Target Model Specification

Version 2.2 (Previous versions)

DISCLAIMER: This documentation is a collection of theoretical documents developed in the context of a pilot project where testing and implementation never occurred. As such, although it is publically released in both French and English, it does not constitute an official publication.

Dates

Created date: 2019-05-13

Last Update: 2023-11-21

Abstract

The Target Model Specification semantically models actors (persons and groups) in a heritage context. Patterns most relevant to actors’ lives are presented along with diagrams and examples illustrating them, as well as a record and explanation of relevant decisions that were made when developing said patterns. This is a theoretical documentation that has never been tested or implemented. Elements currently under development or review are listed as issues.
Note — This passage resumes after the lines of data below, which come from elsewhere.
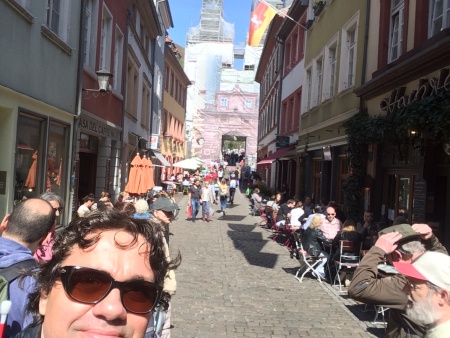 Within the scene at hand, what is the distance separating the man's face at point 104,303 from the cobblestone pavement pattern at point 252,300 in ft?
14.8

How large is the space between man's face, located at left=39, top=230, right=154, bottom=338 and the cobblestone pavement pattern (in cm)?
452

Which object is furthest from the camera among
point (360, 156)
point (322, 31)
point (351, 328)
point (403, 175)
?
point (322, 31)

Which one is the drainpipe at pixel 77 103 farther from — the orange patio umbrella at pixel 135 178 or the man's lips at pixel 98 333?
the man's lips at pixel 98 333

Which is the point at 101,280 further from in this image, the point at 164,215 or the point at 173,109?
the point at 173,109

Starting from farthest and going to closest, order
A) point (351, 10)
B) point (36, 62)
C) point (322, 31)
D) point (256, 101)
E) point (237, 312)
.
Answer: point (256, 101), point (322, 31), point (351, 10), point (36, 62), point (237, 312)

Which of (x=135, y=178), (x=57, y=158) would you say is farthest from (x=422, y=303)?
(x=135, y=178)

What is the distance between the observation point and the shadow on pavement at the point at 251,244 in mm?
11188

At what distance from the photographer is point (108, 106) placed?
1473 cm

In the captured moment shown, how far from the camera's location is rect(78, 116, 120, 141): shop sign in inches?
472

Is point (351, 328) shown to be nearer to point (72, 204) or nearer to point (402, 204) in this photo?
point (402, 204)

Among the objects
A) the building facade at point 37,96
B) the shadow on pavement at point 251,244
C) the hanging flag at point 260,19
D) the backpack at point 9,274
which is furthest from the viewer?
the hanging flag at point 260,19

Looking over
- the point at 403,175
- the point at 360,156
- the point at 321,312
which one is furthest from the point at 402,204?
the point at 321,312

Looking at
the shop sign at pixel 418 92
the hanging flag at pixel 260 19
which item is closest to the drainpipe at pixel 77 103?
the shop sign at pixel 418 92

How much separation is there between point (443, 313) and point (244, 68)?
59.4m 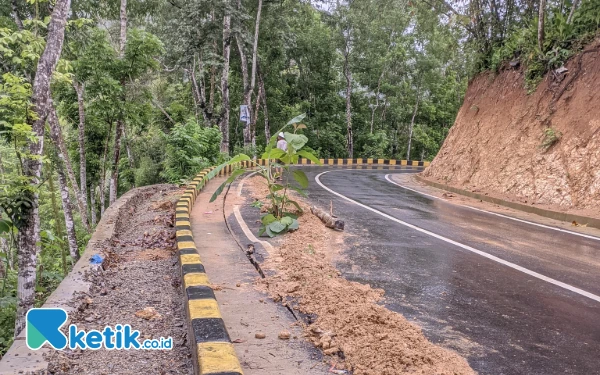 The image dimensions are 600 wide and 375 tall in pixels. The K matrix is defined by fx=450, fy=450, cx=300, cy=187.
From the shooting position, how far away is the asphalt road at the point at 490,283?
3809 millimetres

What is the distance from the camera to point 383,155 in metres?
36.7

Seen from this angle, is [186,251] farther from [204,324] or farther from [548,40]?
[548,40]

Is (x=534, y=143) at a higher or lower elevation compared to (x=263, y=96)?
lower

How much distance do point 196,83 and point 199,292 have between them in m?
24.0

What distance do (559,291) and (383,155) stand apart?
31.9 m

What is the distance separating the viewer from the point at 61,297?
16.6 ft

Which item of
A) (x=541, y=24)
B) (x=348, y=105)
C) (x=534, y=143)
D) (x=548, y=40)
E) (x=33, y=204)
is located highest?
(x=541, y=24)

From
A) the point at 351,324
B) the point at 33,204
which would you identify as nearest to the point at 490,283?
the point at 351,324

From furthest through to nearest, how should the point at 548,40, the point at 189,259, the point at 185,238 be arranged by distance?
the point at 548,40 → the point at 185,238 → the point at 189,259

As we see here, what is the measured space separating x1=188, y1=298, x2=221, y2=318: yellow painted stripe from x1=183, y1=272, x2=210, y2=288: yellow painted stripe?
1.86ft

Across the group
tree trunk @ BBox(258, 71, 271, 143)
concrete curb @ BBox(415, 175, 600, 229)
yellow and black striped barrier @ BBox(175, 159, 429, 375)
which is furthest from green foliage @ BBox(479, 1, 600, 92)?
tree trunk @ BBox(258, 71, 271, 143)

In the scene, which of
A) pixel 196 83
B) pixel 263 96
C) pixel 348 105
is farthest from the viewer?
pixel 348 105

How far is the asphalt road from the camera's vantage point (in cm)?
381

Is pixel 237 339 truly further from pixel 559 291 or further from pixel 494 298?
pixel 559 291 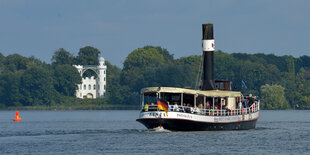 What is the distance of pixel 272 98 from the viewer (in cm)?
19000

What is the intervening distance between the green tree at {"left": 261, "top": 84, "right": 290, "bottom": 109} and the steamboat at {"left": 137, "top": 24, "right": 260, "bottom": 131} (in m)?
111

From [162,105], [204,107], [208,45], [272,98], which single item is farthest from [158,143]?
[272,98]

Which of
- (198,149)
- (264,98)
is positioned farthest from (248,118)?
(264,98)

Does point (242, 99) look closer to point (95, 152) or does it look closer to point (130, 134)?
point (130, 134)

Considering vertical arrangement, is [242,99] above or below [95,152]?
above

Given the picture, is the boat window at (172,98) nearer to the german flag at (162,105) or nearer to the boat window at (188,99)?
the boat window at (188,99)

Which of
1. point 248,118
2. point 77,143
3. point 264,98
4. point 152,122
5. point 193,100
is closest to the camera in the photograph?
point 77,143

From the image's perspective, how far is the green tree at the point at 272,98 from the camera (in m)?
190

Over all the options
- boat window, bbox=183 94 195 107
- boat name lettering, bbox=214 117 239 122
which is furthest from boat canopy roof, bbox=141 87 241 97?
boat name lettering, bbox=214 117 239 122

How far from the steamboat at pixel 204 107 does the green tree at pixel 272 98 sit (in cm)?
11137

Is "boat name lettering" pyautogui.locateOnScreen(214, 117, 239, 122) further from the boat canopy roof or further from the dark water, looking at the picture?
the boat canopy roof

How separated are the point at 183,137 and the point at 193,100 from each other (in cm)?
787

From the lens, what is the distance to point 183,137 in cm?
6331

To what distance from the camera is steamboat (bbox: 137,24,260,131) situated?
216 feet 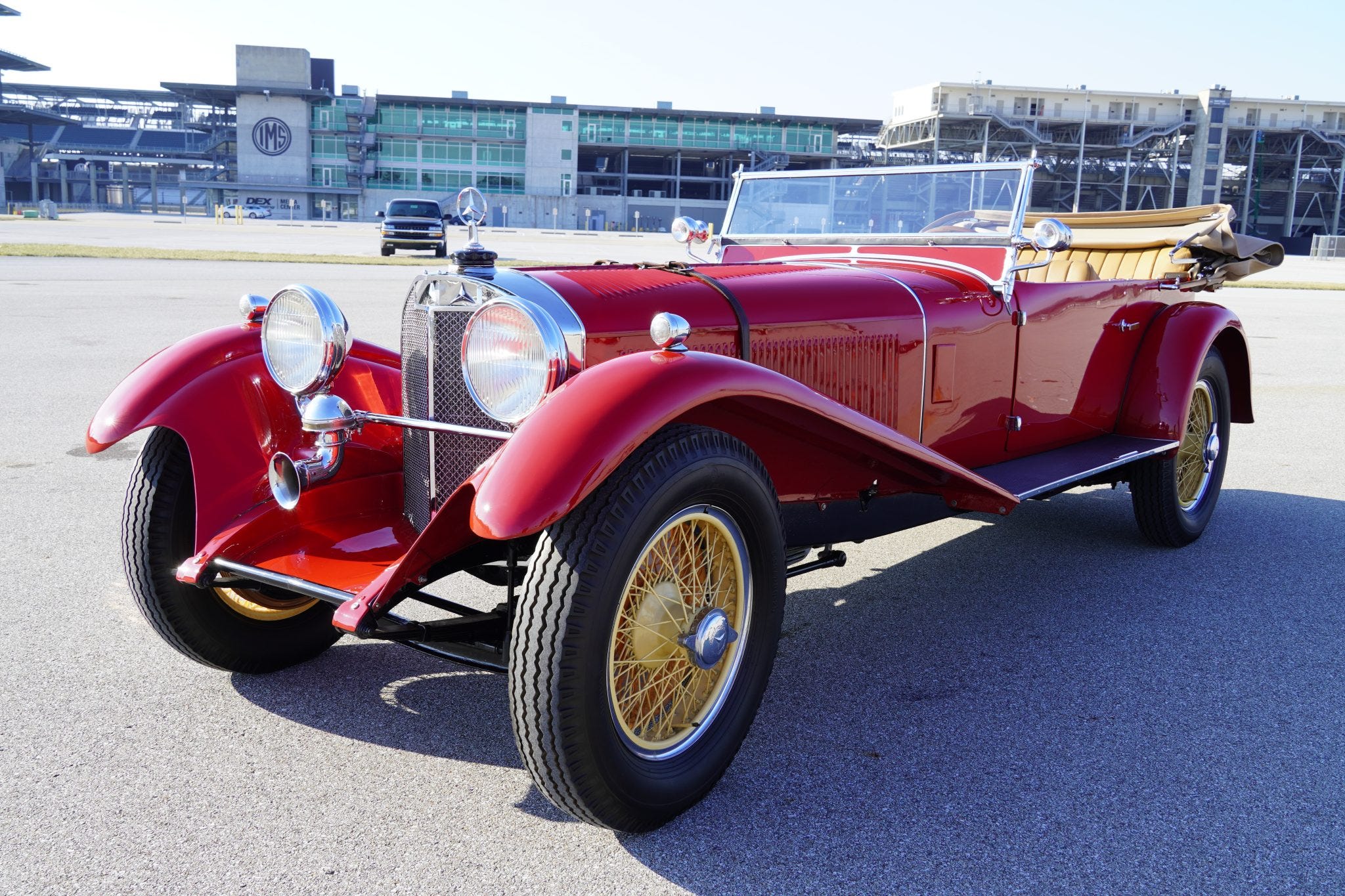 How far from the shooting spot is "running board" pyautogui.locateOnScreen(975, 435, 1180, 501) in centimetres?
378

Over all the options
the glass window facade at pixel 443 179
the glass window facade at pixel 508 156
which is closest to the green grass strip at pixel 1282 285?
the glass window facade at pixel 508 156

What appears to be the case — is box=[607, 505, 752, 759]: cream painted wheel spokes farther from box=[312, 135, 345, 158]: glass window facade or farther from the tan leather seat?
box=[312, 135, 345, 158]: glass window facade

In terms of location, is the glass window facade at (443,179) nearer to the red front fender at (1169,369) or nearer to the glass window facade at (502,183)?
Answer: the glass window facade at (502,183)

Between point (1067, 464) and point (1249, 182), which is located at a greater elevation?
point (1249, 182)

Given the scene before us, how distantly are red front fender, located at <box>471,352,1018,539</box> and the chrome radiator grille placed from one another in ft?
1.88

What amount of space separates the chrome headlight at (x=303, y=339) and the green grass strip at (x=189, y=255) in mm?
17730

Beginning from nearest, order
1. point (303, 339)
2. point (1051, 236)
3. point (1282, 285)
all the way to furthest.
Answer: point (303, 339) < point (1051, 236) < point (1282, 285)

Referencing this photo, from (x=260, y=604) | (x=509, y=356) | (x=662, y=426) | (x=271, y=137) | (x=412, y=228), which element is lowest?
(x=260, y=604)

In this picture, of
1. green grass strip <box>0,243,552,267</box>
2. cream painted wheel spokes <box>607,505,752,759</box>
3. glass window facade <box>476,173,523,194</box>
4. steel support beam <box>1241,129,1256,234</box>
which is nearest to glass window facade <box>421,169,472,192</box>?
glass window facade <box>476,173,523,194</box>

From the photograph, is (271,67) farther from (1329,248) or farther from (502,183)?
(1329,248)

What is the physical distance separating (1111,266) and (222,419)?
15.7 ft

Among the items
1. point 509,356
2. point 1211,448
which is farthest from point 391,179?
point 509,356

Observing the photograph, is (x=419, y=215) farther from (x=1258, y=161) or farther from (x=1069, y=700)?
(x=1258, y=161)

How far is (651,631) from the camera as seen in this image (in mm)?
2506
Purpose of the Target Model

In keeping with its mandate to “assist Canadian museums in documenting, managing, and sharing information about their collections,” the Canadian Heritage Information Network (CHIN) established a pilot project to determine whether it has the capacity to make the resources it creates and the data it aggregates available in Linked Open Data (LOD) (Canadian Heritage Information Network 2019). The objective was to consolidate, in unique records, the information pertaining to actors. Within the framework of this project, an actor encompasses any individual or group who took part in the creation of or is related to cultural artefacts documented by a data provider. This includes creators (artists, artisans, manufacturers, groups of artists, etc.) as well as other important actors such as owners, patrons, persons depicted, etc. who took part in the creation of or is related to artefacts collected by heritage institutions located in Canada.
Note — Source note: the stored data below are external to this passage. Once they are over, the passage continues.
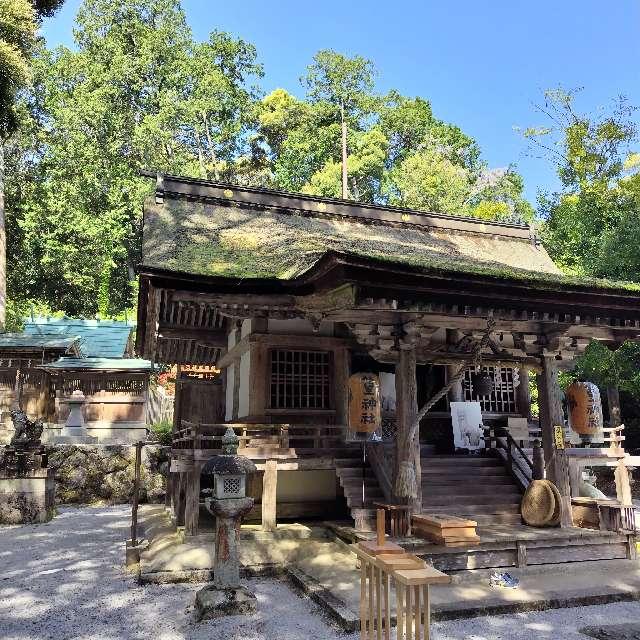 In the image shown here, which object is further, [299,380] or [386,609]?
[299,380]

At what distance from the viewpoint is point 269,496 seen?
9641mm

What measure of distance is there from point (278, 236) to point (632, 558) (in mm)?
9588

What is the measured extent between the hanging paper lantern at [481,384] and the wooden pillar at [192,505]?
7.38 m

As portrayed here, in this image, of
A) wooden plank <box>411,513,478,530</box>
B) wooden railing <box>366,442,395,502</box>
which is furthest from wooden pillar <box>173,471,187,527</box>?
wooden plank <box>411,513,478,530</box>

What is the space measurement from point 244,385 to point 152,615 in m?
5.73

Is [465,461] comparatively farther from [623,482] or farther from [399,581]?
[399,581]

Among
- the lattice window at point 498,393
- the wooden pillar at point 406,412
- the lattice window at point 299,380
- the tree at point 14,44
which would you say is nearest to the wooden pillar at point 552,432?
the wooden pillar at point 406,412

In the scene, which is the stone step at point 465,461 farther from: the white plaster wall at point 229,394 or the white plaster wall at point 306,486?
the white plaster wall at point 229,394

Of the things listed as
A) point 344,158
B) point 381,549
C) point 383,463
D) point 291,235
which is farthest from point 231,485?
point 344,158

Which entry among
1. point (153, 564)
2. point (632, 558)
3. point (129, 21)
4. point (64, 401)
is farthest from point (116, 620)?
point (129, 21)

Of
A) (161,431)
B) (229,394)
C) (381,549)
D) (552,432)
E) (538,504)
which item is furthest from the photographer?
(161,431)

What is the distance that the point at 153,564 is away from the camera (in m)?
8.27

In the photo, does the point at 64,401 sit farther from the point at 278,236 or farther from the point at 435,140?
the point at 435,140

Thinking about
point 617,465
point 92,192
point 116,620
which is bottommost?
point 116,620
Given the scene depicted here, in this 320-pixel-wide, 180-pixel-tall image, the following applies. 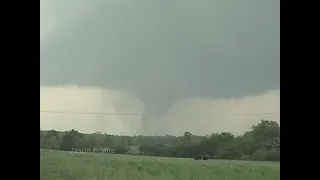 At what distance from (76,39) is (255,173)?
68cm

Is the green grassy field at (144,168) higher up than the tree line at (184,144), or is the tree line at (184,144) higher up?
the tree line at (184,144)

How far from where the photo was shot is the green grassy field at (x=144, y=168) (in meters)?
1.01

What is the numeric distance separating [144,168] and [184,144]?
Answer: 0.46 ft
This project is intended to evaluate and, eventually, support the development of a future, larger model and semanticization environment that would encompass heritage records of all sorts (tangible and intangible, collections, events, etc.). The initial focus was on the collection, standardization, and aggregation of actors’ data that varies in structure, format, language, and origin. To fulfill this goal, reconciliation and conversion into a knowledge graph using CIDOC CRM and its extensions was envisioned. Important intended milestones were:

  • Modellisation of information pertaining to persons and groups (actors);

  • Documentation of the resulting model and data pipeline;

  • Testing;

  • Implementation in the form of a submission interface as well as a querying interface with a SPARQL endpoint.

Though the modellisation and documentation did occur and are presented here, the subsequent procedures necessary to testing, implementation, and completion have not been accomplished. It is thus particularly important to take into consideration that this documentation is purely theoretical and that the model it describes has neither been tested nor implemented. Thus, practitioners reusing it should ensure its workability through extensive controlled vocabularies selection (for every node containing instances of E55_Type), model testing, and implementation phases.

At the moment, there is no intention to manage data or further use it based on the Target Model Specification. This is in part because the Target Model Specification is intended to be a potential application profile developed and revised on an ever evolving and ongoing basis with no forecasted deployment or end to the theorisation phase. Rather, the focus is currently on the development of further content based on the review of existing patterns from other projects in order to enhance them for the documentation of the Target Model Specification.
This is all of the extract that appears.